3. Originally Posted by Jhevon
do you know what factorial means?

$(n + 1)! = (n + 1)(n)(n - 1)(n - 2)(n - 3)...(3)(2)(1)$

but $n! = n(n - 1)(n - 2)(n - 3)...(3)(2)(1)$

so we have: $(n + 1)! = (n + 1)n!$

similarly, $(2n + 1)! = (2n + 1)(2n)(2n - 1)(2n - 2)...(3)(2)(1) = (2n + 1)(2n)(2n - 1)!$
I know what factorial means, but I guess I don't understand when there are variables involved.

4. Originally Posted by cinder
I know what factorial means, but I guess I don't understand when there are variables involved.
well, did my illustration help?

5. Originally Posted by Jhevon
well, did my illustration help?
No.

6. Originally Posted by cinder
No.
ok, let's start from the basics and build our way up.

the factorial of an integer is defined as the product of all integers starting from 1 going up to the integer.

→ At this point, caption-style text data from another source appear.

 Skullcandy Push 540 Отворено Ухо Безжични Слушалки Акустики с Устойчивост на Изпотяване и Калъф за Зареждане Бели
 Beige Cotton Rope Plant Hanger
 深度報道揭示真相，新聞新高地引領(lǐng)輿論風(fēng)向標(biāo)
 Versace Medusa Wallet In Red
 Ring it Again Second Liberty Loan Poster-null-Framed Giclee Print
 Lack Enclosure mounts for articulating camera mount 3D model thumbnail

example, 5! = 1*2*3*4*5 and 6! = 1*2*3*4*5*6

so the integers go up in order until we get to the integer we are finding the factorial of. but how do we go from one integer to the other? we simply add 1 to the current integer to get the next integer. equivalently, this means we can subtract one from an integer to get the previous integer and keep doing so until we hit 1 and stop, which is what we do here. take 5! again as an example.

we can say that 5! = 5*4*3*2*1, the same thing, just going backwards. since we are going backwards, we subtract 1 from the first integer to get the second, and then subtract 1 from the second integer to get the third and so on. so we can say,

5! = 5*(5 - 1)*((5 - 1) - 1)*(((5 - 1) - 1) - 1)*((((5 - 1) - 1) - 1) - 1)

which is just simpler to write as

5! = 5*(5 - 1)(5 - 2)(5 - 3)(5 - 4)

if the factorial is very long or indefinite, we can omit some of the terms in the middle, again, let's use 5! as an illustration

5! = 5*(5 - 1)*...*(5 - 3)(5 - 4)

but we usually simplify the end, so instead of 5 - 4 we write 1 and instead of 5 - 3 we write 2, so we get:

5! = 5*(5 - 1)*...*2*1

but this representation can work for any integer. if we want to have an arbitrary integer factorial, we can use n. so in general:

n! = n(n - 1)(n - 2)(n - 3)....(3)(2)(1)

there is no difference if we want (n + 1)!, we just start at n + 1 and subtract 1 until we get to 1

(n + 1)! = (n + 1)(n)(n - 1)(n - 2)...(3)(2)(1)

so here is where the algebraic manipulation comes in.

recall that n! = n(n - 1)(n - 2)(n - 3)....(3)(2)(1)

now let's write (n + 1)! out.

we have (n + 1)! = (n + 1)(n)(n - 1)(n - 2)(n - 3)...(3)(2)(1)

notice anything? yes, what's in red is n! so we can just replace it

thus we get, (n + 1)! = (n + 1)n!

do you get it now?

7. I'm 99% sure I got it (I'll reread to verify my thinking). Thank you very much for the explanation!

8. Originally Posted by cinder
I'm 99% sure I got it (I'll reread to verify my thinking). Thank you very much for the explanation!
well, if you have any doubts, come back